Only what runs from the line with "their care, where" to the end of the data should appear in the answer, exactly as written and without pictures.

__________________________________________________

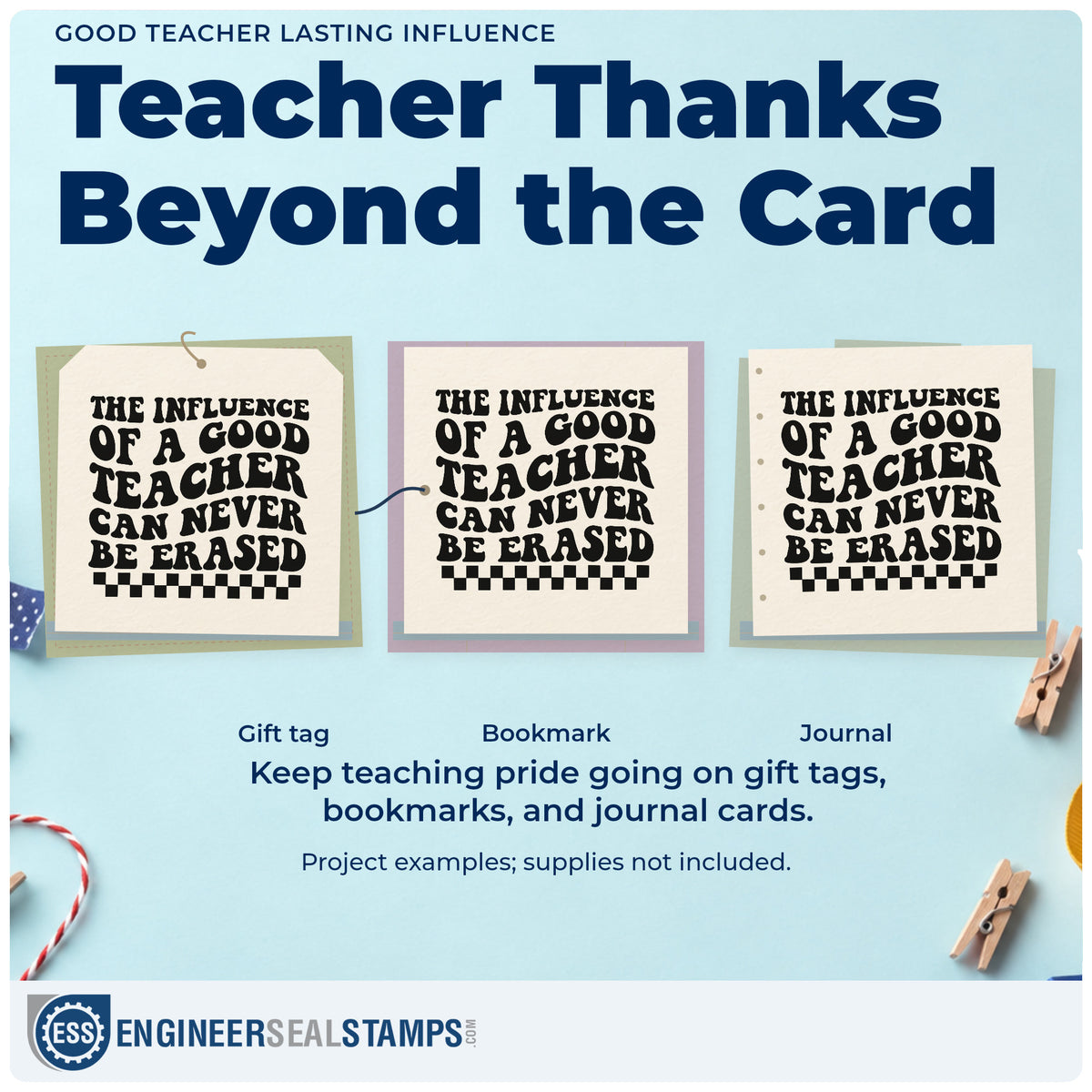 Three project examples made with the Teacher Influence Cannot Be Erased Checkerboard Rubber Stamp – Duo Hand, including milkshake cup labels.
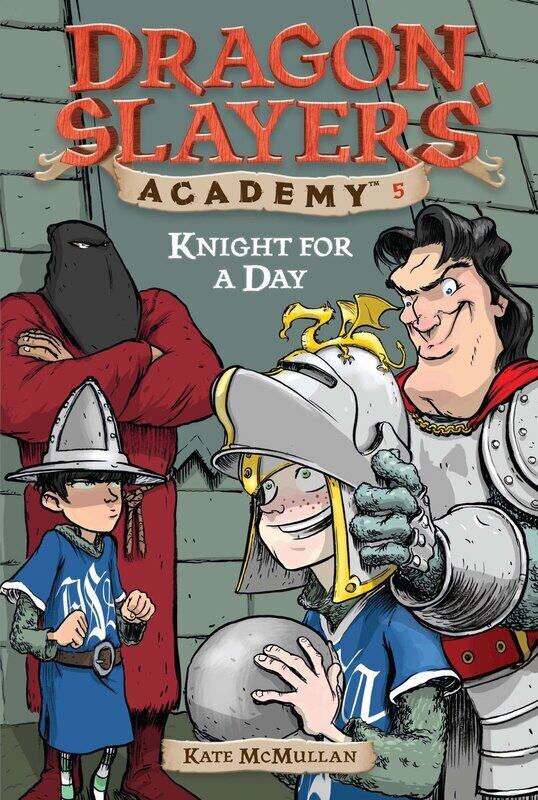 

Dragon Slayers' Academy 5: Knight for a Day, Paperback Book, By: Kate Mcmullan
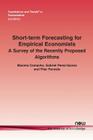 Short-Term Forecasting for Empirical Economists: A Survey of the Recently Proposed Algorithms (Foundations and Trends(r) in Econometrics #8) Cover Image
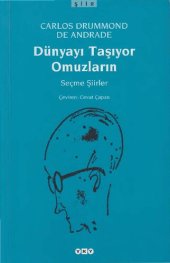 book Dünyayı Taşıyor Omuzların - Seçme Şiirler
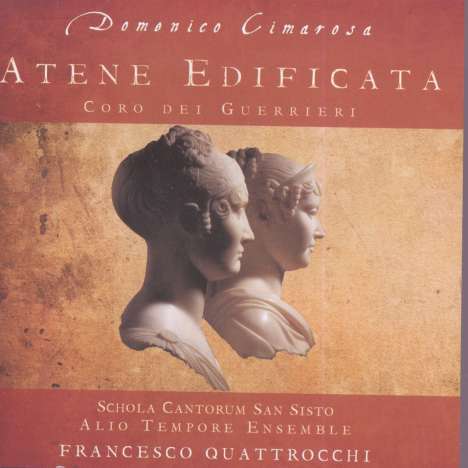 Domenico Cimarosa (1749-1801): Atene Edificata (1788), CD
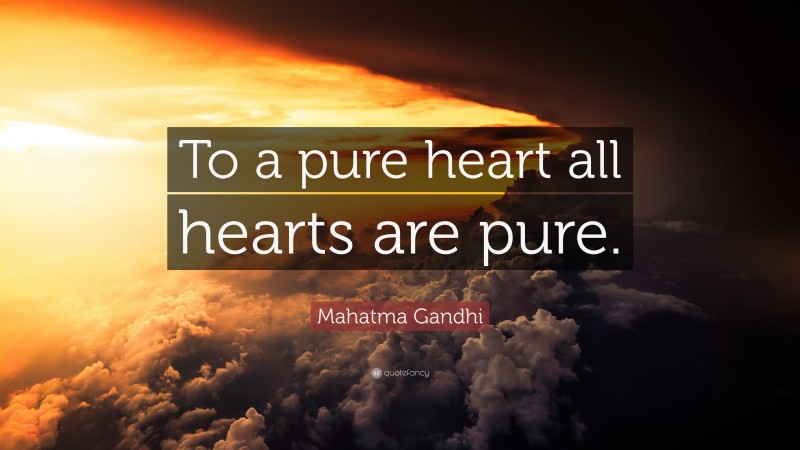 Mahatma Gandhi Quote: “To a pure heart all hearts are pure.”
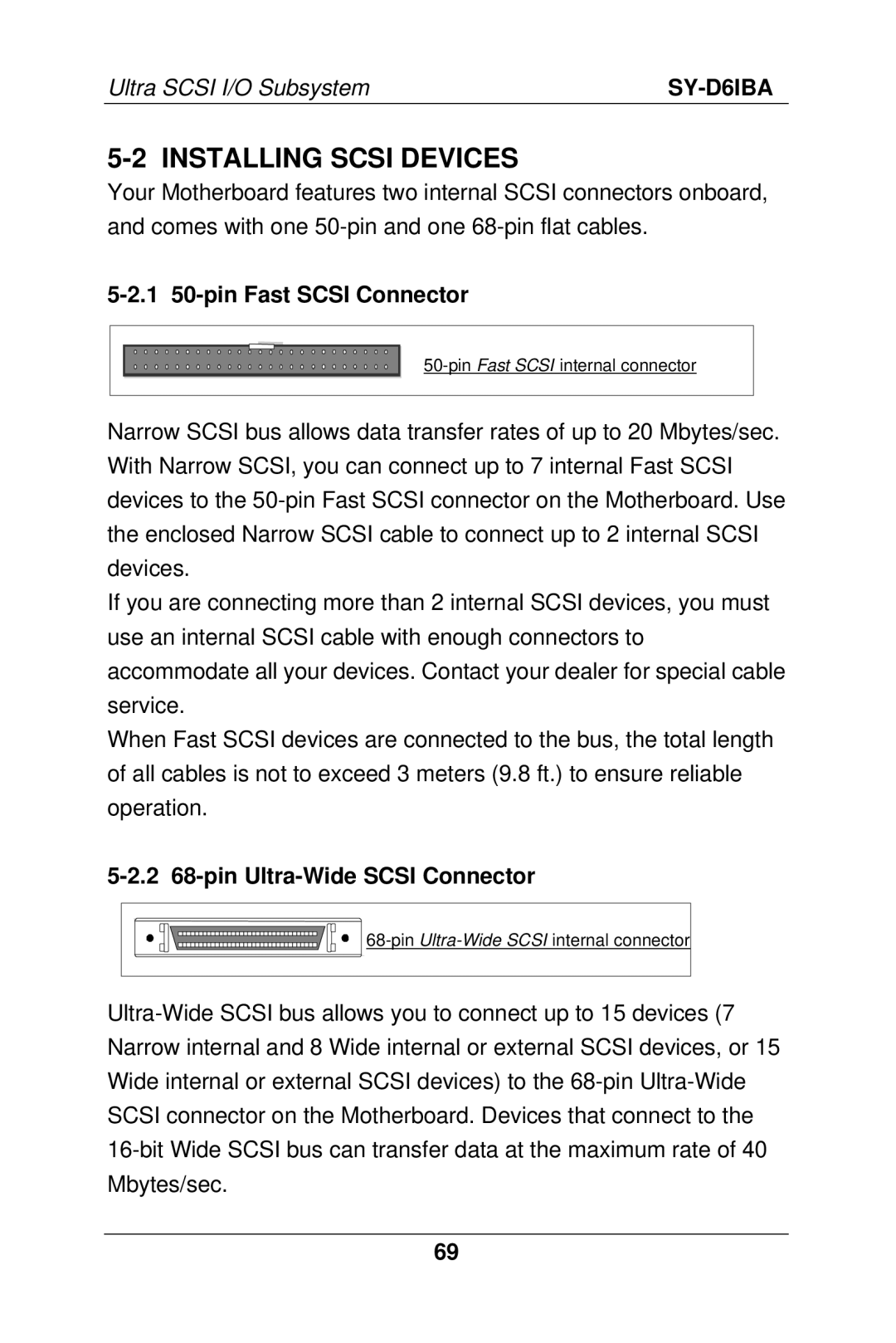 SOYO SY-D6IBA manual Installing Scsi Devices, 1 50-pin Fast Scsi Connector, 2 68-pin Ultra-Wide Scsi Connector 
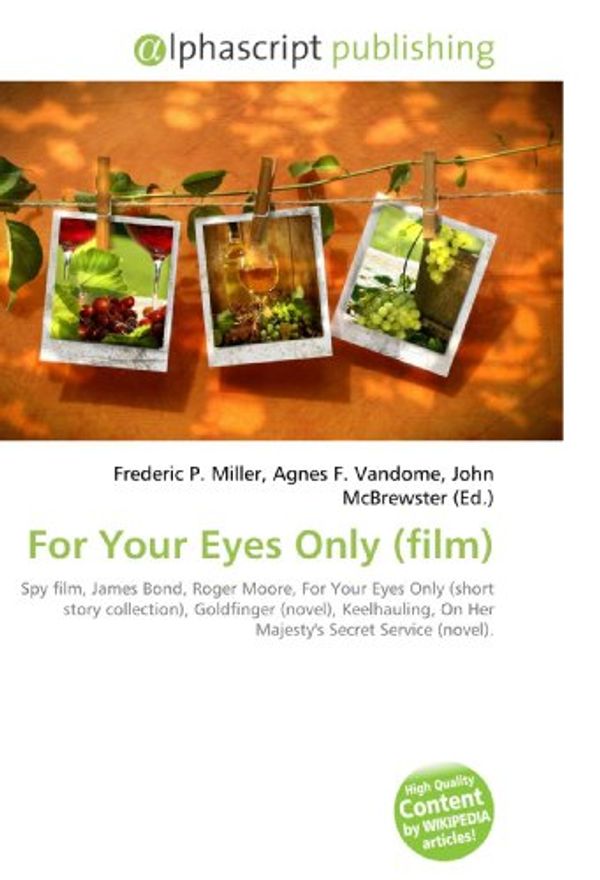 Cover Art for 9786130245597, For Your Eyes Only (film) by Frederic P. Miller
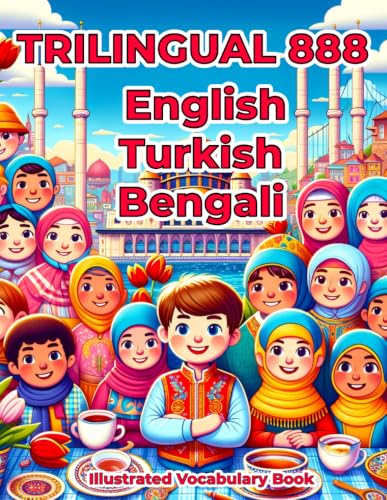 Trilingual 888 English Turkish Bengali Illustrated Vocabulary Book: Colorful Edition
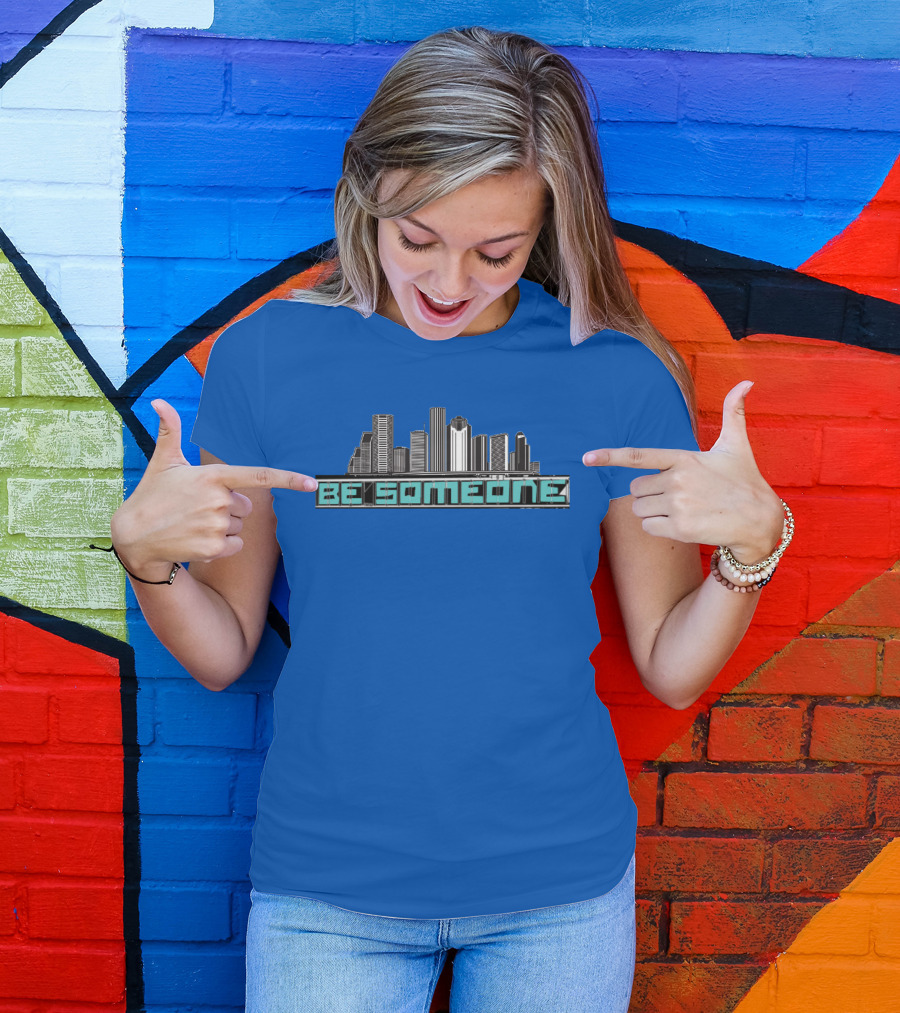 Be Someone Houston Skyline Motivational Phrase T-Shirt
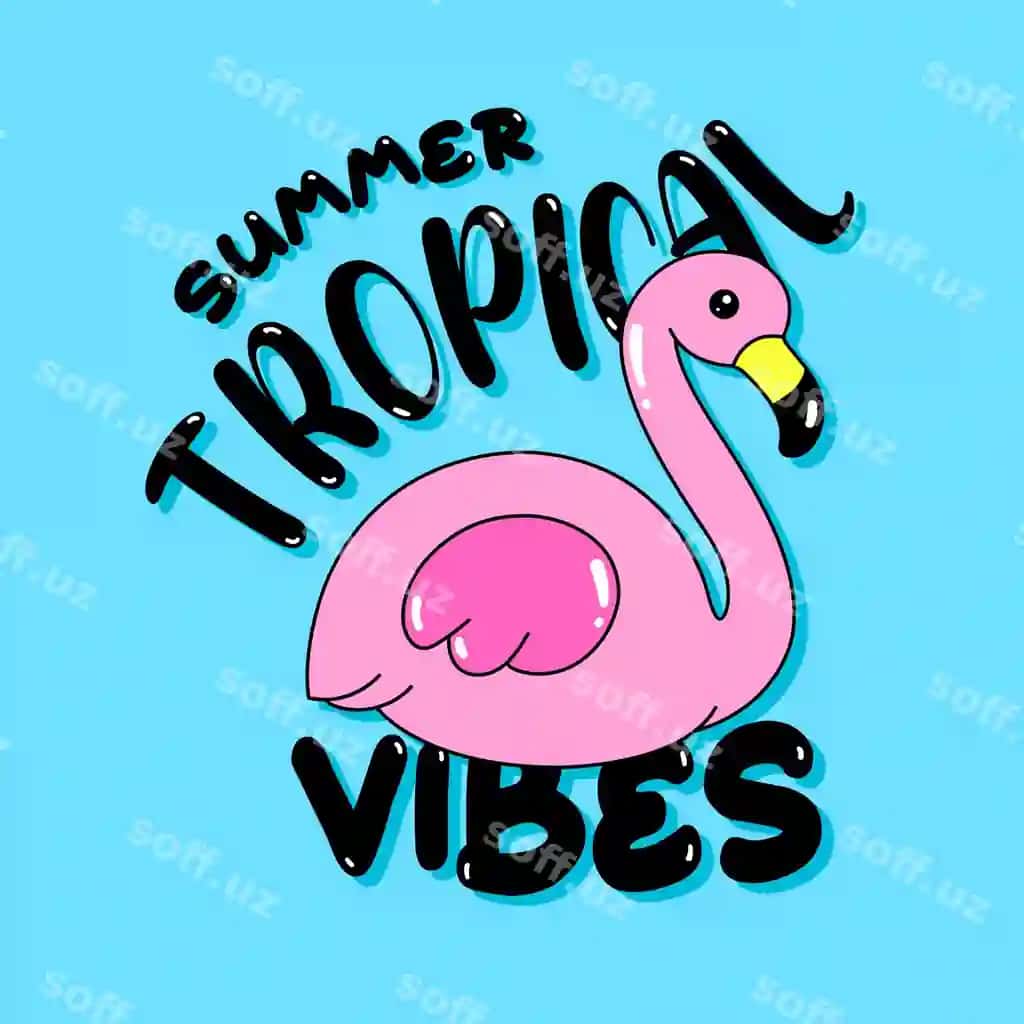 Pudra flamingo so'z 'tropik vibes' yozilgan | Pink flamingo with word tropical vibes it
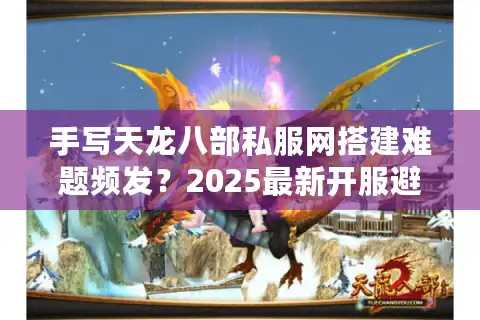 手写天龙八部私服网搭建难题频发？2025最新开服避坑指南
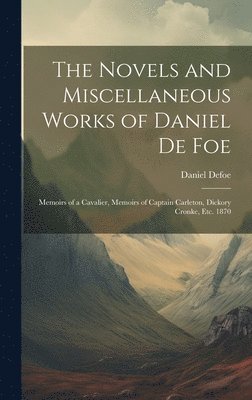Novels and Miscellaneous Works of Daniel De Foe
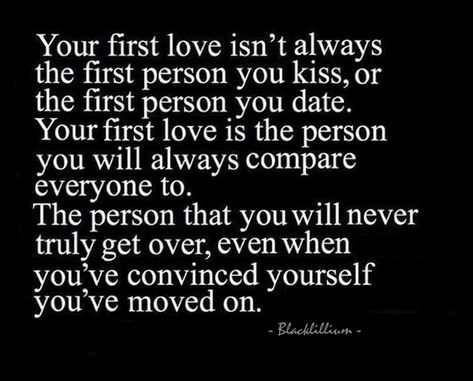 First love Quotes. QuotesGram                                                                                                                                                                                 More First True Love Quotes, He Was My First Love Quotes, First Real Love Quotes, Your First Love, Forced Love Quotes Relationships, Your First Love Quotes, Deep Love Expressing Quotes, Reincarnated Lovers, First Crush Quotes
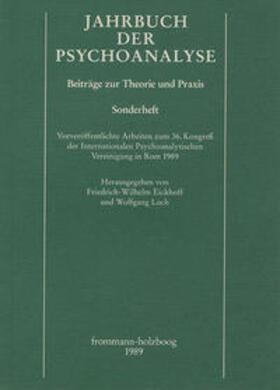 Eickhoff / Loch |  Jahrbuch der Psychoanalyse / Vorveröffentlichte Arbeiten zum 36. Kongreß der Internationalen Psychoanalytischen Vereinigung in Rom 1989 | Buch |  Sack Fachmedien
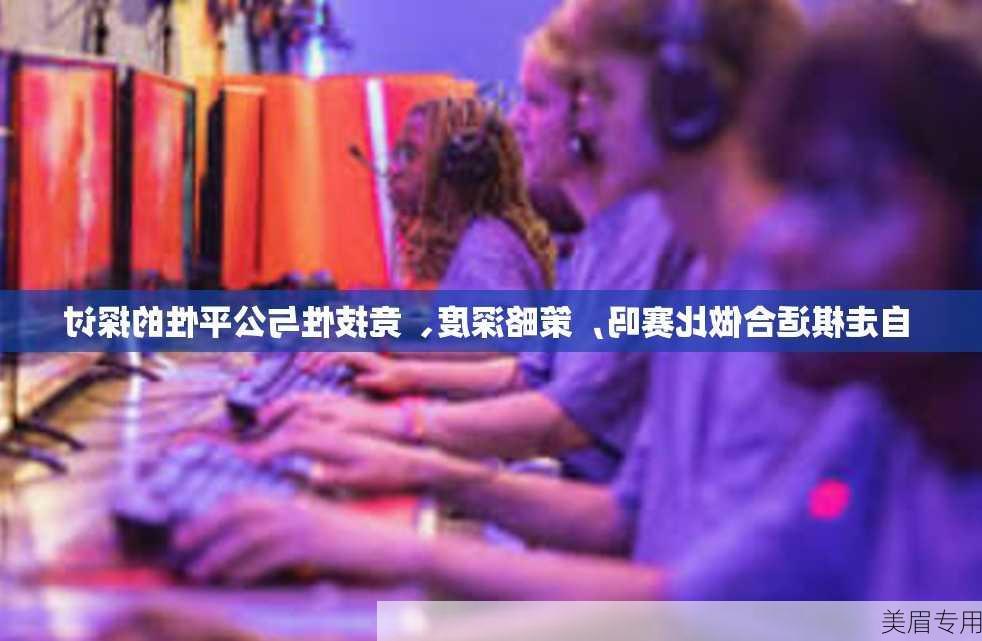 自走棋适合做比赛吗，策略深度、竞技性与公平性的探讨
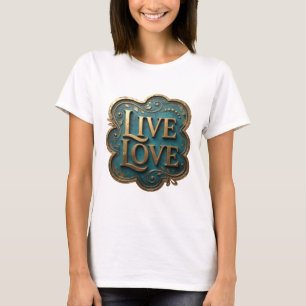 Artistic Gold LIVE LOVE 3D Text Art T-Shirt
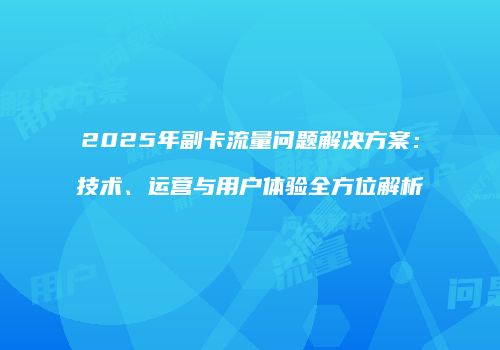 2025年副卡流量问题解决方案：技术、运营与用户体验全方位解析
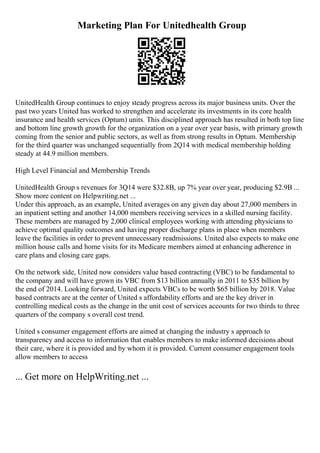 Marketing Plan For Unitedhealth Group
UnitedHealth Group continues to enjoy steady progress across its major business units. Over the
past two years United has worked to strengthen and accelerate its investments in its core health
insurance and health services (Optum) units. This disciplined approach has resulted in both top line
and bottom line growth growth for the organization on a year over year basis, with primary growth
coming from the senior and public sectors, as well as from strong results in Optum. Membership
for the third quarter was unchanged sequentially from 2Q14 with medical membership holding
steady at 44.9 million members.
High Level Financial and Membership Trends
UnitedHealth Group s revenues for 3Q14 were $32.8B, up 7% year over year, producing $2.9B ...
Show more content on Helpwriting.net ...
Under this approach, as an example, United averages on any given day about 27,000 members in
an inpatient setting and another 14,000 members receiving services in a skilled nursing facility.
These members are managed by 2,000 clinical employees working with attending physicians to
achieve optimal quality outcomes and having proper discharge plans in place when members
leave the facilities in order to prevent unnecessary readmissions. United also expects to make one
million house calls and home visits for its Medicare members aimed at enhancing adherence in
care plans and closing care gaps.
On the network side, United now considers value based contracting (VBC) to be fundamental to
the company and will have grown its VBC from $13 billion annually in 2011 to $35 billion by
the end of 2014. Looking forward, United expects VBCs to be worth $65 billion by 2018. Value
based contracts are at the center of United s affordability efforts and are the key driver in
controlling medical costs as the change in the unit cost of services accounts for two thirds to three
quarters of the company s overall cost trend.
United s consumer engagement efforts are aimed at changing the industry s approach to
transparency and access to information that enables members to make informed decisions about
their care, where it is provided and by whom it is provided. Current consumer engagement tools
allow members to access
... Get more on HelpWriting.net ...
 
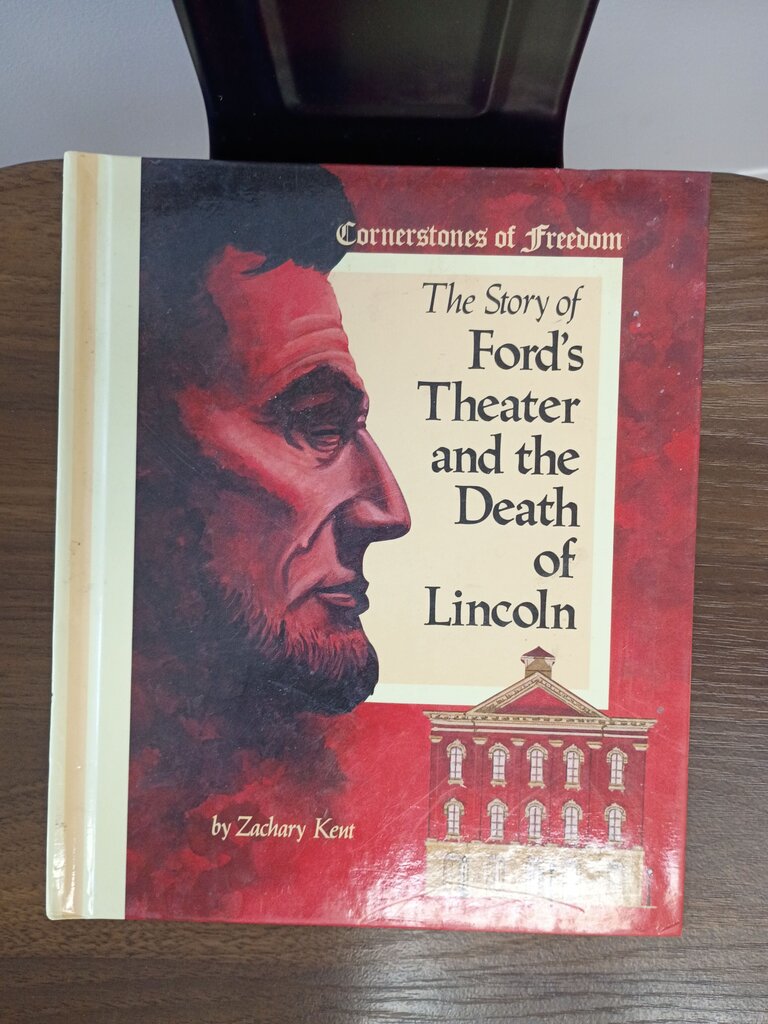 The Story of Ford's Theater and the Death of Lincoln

__________________________________________________

_Exercise solution_
their care, where it is provided and by whom it is provided. Current consumer engagement tools
allow members to access
... Get more on HelpWriting.net ...
 
 The Story of Ford's Theater and the Death of Lincoln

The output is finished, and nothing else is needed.